**TASK DIRECTIONS:**
If a line in the records contains the string "Page", show that line.

**DATA EXTRACT:**
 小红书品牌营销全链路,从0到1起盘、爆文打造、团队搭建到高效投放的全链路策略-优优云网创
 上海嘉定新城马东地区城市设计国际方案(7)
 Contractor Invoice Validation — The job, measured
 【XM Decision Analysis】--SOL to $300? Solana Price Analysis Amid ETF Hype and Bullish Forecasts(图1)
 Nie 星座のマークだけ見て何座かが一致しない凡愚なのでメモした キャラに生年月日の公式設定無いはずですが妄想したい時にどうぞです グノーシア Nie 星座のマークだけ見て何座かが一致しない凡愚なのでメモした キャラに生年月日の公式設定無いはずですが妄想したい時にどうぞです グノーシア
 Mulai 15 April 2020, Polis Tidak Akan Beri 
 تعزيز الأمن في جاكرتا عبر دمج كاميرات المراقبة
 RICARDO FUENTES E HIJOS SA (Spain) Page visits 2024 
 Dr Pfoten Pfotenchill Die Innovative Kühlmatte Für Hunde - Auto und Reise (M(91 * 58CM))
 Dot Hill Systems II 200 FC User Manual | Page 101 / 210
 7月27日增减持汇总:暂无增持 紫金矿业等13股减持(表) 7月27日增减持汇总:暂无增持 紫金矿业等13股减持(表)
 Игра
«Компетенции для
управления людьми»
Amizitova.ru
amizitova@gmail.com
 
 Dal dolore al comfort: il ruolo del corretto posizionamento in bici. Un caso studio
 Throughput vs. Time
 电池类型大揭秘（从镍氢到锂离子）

**SOLVED EXERCISE:**
 RICARDO FUENTES E HIJOS SA (Spain) Page visits 2024 
 Dot Hill Systems II 200 FC User Manual | Page 101 / 210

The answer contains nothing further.